··· Given entries ···
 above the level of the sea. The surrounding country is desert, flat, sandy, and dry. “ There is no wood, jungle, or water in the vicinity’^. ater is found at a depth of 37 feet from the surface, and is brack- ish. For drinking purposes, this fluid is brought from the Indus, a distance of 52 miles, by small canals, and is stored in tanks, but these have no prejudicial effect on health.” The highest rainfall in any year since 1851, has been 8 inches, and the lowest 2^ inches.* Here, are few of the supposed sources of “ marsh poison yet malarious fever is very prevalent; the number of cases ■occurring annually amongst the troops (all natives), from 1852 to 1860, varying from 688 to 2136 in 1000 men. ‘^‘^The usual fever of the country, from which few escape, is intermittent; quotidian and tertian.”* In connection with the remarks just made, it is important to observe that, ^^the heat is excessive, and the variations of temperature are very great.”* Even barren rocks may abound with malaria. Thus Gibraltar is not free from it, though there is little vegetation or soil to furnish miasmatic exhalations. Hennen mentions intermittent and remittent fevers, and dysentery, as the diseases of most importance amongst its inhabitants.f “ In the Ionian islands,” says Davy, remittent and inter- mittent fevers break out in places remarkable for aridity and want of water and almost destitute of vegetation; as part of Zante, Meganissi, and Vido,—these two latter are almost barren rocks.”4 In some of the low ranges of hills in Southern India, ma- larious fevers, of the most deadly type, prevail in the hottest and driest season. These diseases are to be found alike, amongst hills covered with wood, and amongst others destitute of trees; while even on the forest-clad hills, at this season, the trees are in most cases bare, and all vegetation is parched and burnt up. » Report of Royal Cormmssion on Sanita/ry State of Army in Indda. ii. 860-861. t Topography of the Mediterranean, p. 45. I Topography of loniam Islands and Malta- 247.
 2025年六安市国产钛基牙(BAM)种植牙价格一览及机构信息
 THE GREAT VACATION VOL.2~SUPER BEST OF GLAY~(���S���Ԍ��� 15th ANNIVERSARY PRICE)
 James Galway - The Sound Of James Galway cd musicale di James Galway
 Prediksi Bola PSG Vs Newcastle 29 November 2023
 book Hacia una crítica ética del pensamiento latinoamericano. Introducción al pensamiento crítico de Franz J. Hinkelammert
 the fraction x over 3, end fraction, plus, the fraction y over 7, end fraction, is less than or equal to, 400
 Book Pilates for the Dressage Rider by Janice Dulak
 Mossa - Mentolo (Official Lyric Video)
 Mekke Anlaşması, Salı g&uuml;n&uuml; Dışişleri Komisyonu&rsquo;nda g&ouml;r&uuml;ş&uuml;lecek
···
▶ Problem details: Find the line with "2025年六安市国产钛基牙(BAM)种植牙价格一览及机构信息" in the data above. Restate it and all later lines word for word, ending with the last line.

▶ Exercise answer:
 2025年六安市国产钛基牙(BAM)种植牙价格一览及机构信息
 THE GREAT VACATION VOL.2~SUPER BEST OF GLAY~(���S���Ԍ��� 15th ANNIVERSARY PRICE)
 James Galway - The Sound Of James Galway cd musicale di James Galway
 Prediksi Bola PSG Vs Newcastle 29 November 2023
 book Hacia una crítica ética del pensamiento latinoamericano. Introducción al pensamiento crítico de Franz J. Hinkelammert
 the fraction x over 3, end fraction, plus, the fraction y over 7, end fraction, is less than or equal to, 400
 Book Pilates for the Dressage Rider by Janice Dulak
 Mossa - Mentolo (Official Lyric Video)
 Mekke Anlaşması, Salı g&uuml;n&uuml; Dışişleri Komisyonu&rsquo;nda g&ouml;r&uuml;ş&uuml;lecek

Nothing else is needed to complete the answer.